[Stored data entries]
=-=-=
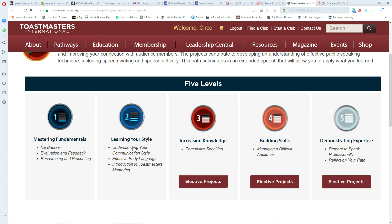Level two is similar across most paths. In Presentation Mastery, it has three mandatory projects: Understanding Your Communication Style, Using Effective Body Language, and Introduction to Toastmasters Mentoring. You'll notice that Effective Body Language comes from the Competent Communication Manual. Inside Evaluation and Feedback, topics like Organize Your Speech and Getting to the Point are also covered in the educational materials.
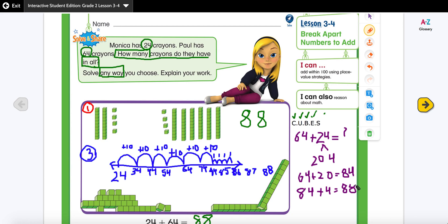These are different addition strategies you can use. Since the problem says 'solve any way you choose,' I've shown you several options: break apart numbers (add tens then ones), open number line (jump by tens then ones), base 10 blocks (group tens and ones), and the standard algorithm (line up and add). Choose whichever helps you solve the problem. Make sure you complete the quick check and watch the assigned video — hopefully this was helpful!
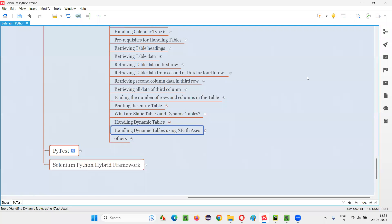Hello all. Welcome to Selenium Python training series. In this session, as part of Selenium WebDriver, I'm going to practically demonstrate how to handle dynamic tables with the help of XPath axes. So let's get started.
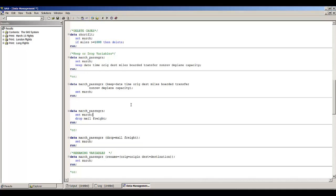Similarly with the drop statement — we have a separate drop statement telling SAS to drop the variables mail and freight from the new temporary data set march_passengers. Or we could write, in the data statement within parentheses, drop equals and list the variables to drop from the data set.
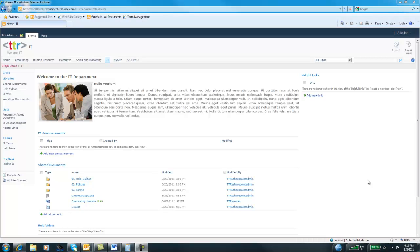Hello, this is Jason Keller with TTR. Today we're going to expand on our introduction to SharePoint series to discuss a common feature in SharePoint called a document library.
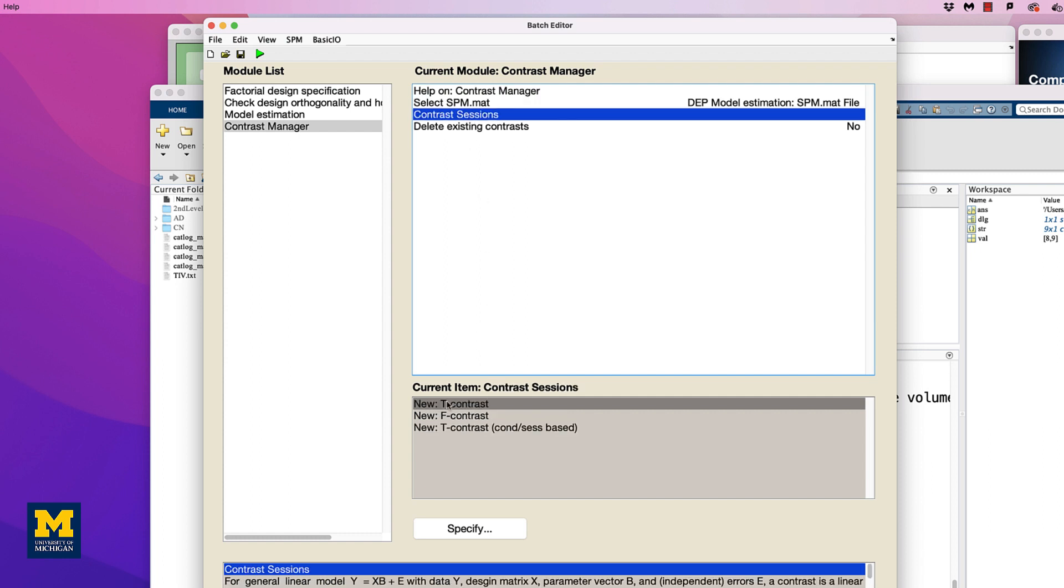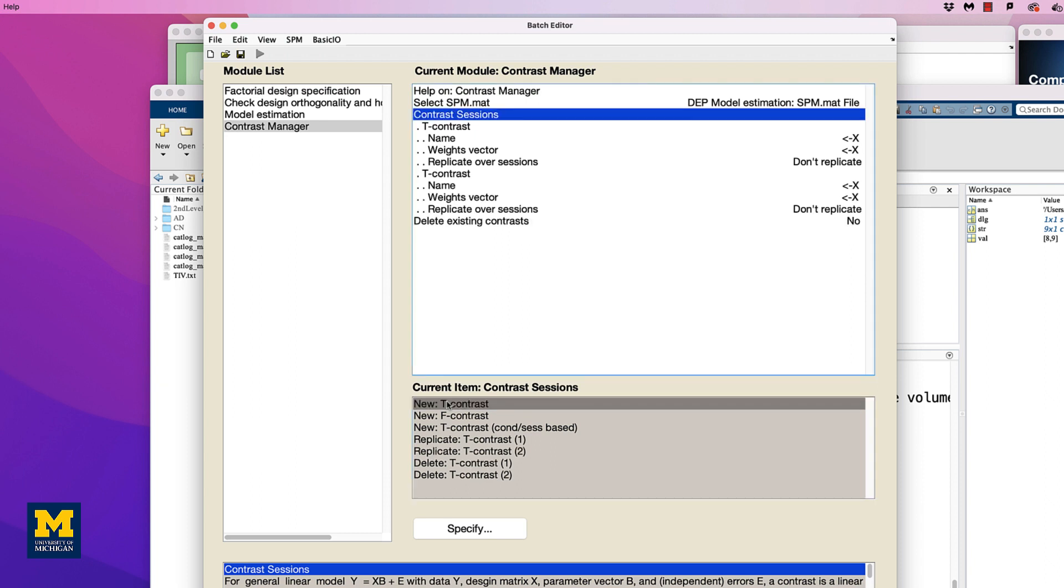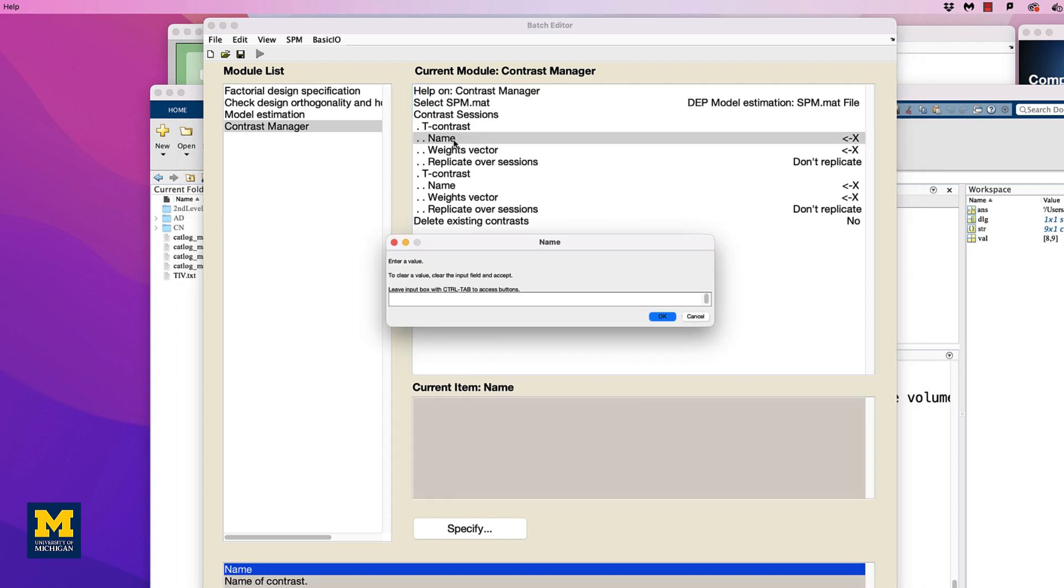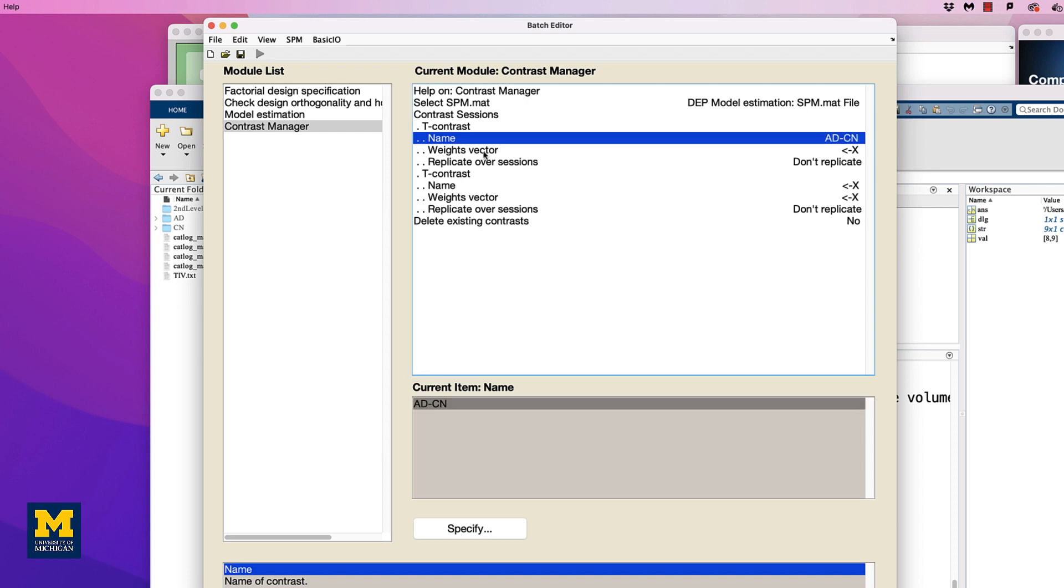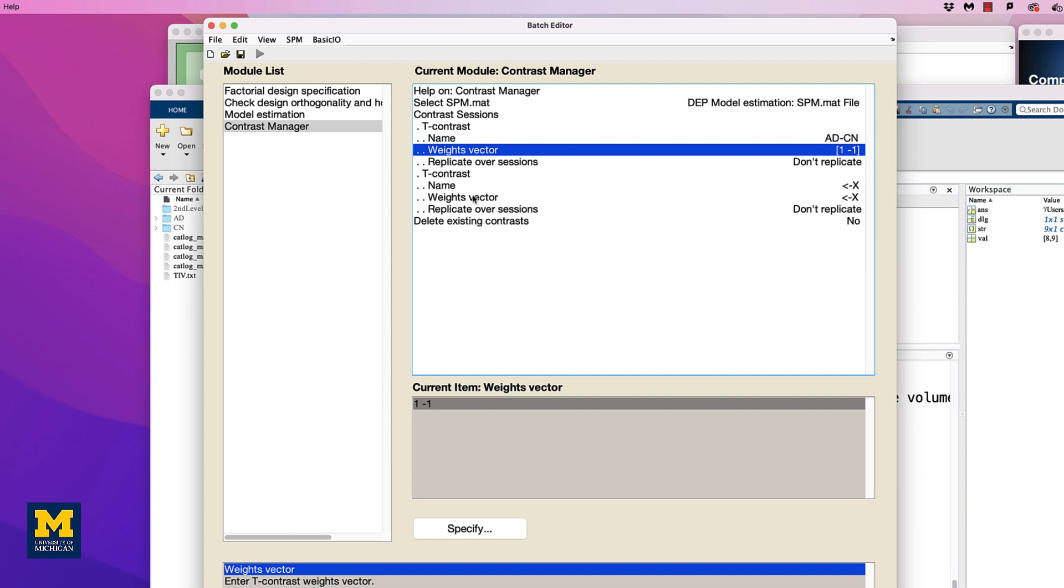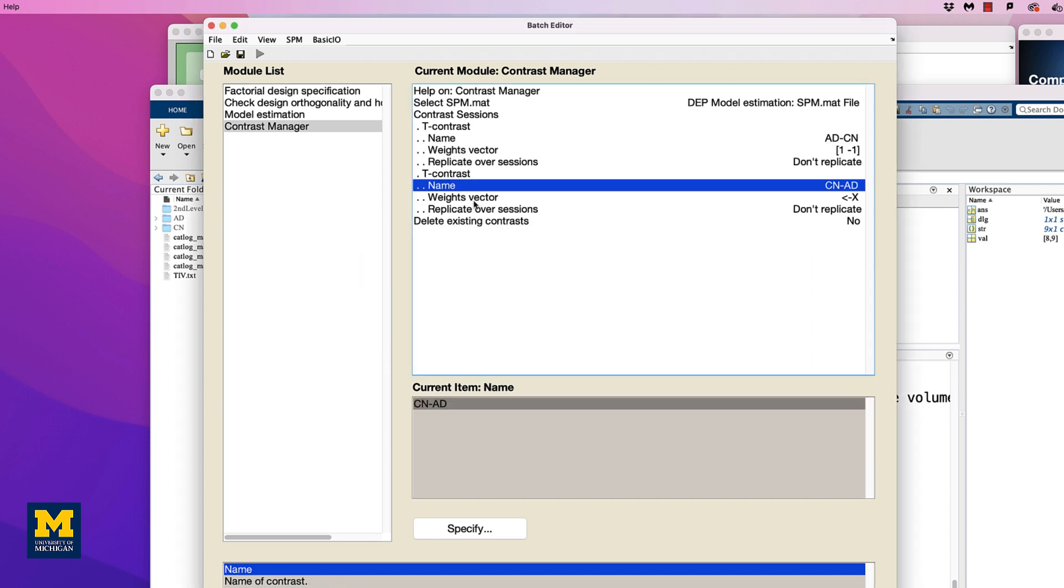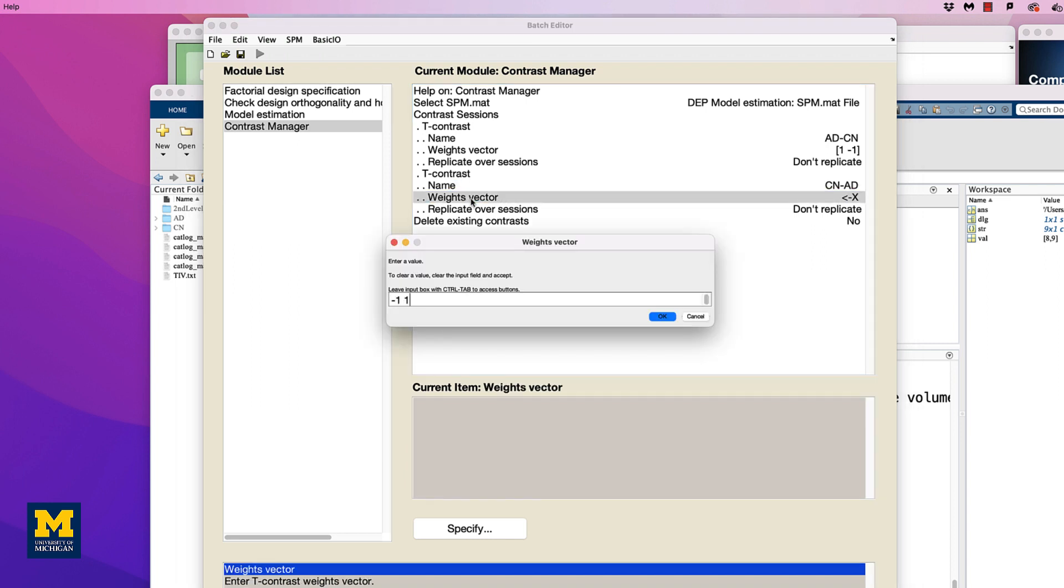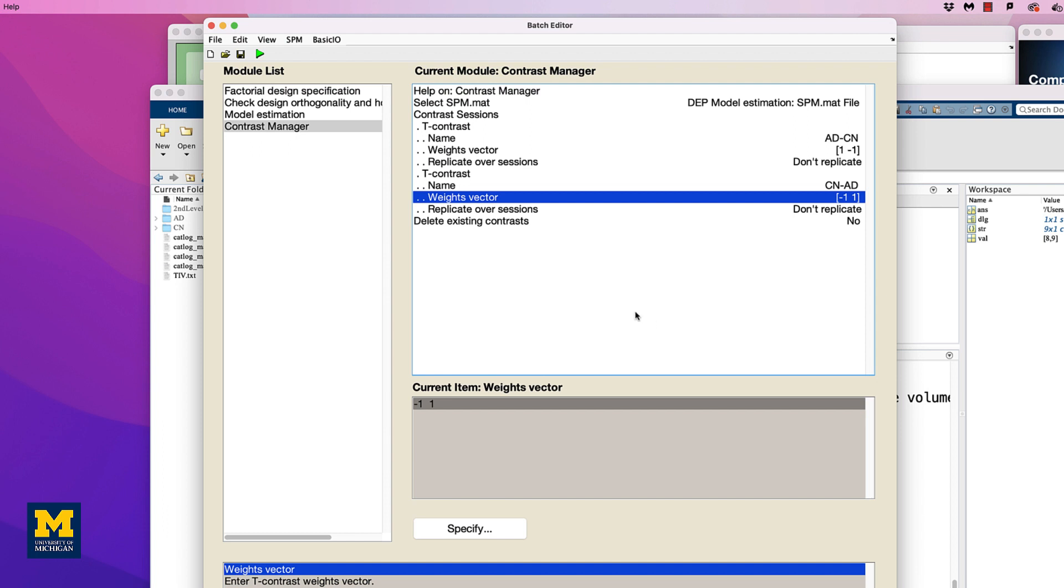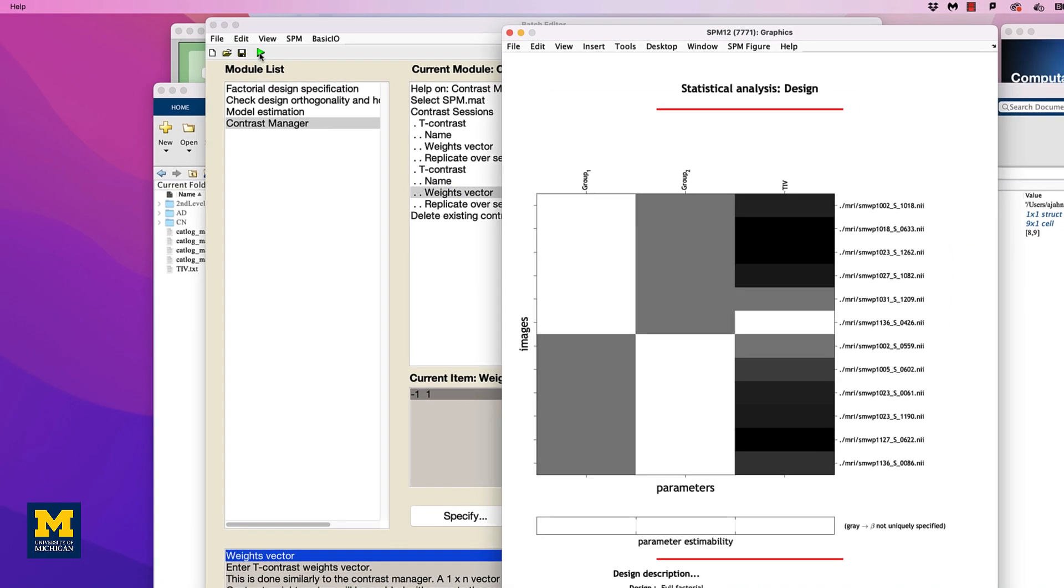Then click on Contrast Sessions, and create two new T-contrasts. Since the AD group is the first regressor in our model, and the CN group is the second regressor, the first contrast weight in our vector will correspond to the Alzheimer's group, and the second weight will correspond to the control group. For the first T contrast, therefore, change the name to AD minus CN, and the weights vector to 1-1. Likewise, for the second T contrast, change the name to CN minus AD, and give it a contrast vector of negative 1, positive 1. When you are done, the module list and the contrast manager should look like this.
=-=-=
* TASK DETAILS *
Copy out the data verbatim, with no pictures.

* ANSWER SECTION *
Level two is similar across most paths. In Presentation Mastery, it has three mandatory projects: Understanding Your Communication Style, Using Effective Body Language, and Introduction to Toastmasters Mentoring. You'll notice that Effective Body Language comes from the Competent Communication Manual. Inside Evaluation and Feedback, topics like Organize Your Speech and Getting to the Point are also covered in the educational materials.
These are different addition strategies you can use. Since the problem says 'solve any way you choose,' I've shown you several options: break apart numbers (add tens then ones), open number line (jump by tens then ones), base 10 blocks (group tens and ones), and the standard algorithm (line up and add). Choose whichever helps you solve the problem. Make sure you complete the quick check and watch the assigned video — hopefully this was helpful!
Hello all. Welcome to Selenium Python training series. In this session, as part of Selenium WebDriver, I'm going to practically demonstrate how to handle dynamic tables with the help of XPath axes. So let's get started.
Similarly with the drop statement — we have a separate drop statement telling SAS to drop the variables mail and freight from the new temporary data set march_passengers. Or we could write, in the data statement within parentheses, drop equals and list the variables to drop from the data set.
Hello, this is Jason Keller with TTR. Today we're going to expand on our introduction to SharePoint series to discuss a common feature in SharePoint called a document library.
Then click on Contrast Sessions, and create two new T-contrasts. Since the AD group is the first regressor in our model, and the CN group is the second regressor, the first contrast weight in our vector will correspond to the Alzheimer's group, and the second weight will correspond to the control group. For the first T contrast, therefore, change the name to AD minus CN, and the weights vector to 1-1. Likewise, for the second T contrast, change the name to CN minus AD, and give it a contrast vector of negative 1, positive 1. When you are done, the module list and the contrast manager should look like this.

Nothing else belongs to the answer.